Supplied entries ▸
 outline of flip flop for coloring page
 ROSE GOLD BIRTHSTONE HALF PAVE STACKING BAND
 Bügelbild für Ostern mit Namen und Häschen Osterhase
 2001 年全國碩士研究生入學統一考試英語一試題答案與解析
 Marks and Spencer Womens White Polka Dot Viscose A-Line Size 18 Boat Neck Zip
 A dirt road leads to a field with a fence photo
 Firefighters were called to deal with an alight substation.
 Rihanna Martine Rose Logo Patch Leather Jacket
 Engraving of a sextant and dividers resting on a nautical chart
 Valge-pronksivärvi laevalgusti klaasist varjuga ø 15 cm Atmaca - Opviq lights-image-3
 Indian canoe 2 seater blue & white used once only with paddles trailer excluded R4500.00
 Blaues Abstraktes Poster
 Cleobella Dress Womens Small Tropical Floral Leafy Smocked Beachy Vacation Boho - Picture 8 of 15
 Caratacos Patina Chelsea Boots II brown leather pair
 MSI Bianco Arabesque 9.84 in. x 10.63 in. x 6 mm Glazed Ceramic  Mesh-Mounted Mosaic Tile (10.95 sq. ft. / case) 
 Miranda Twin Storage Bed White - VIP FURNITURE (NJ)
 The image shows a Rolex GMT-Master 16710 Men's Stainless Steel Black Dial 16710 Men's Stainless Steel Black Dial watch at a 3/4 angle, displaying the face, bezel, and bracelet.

Exercise description ▸ Out of the data above, give again only the lines starting at the one holding "A dirt road" and ending at the one holding "Cleobella Dress Womens", unchanged.

Task answer ▸
 A dirt road leads to a field with a fence photo
 Firefighters were called to deal with an alight substation.
 Rihanna Martine Rose Logo Patch Leather Jacket
 Engraving of a sextant and dividers resting on a nautical chart
 Valge-pronksivärvi laevalgusti klaasist varjuga ø 15 cm Atmaca - Opviq lights-image-3
 Indian canoe 2 seater blue & white used once only with paddles trailer excluded R4500.00
 Blaues Abstraktes Poster
 Cleobella Dress Womens Small Tropical Floral Leafy Smocked Beachy Vacation Boho - Picture 8 of 15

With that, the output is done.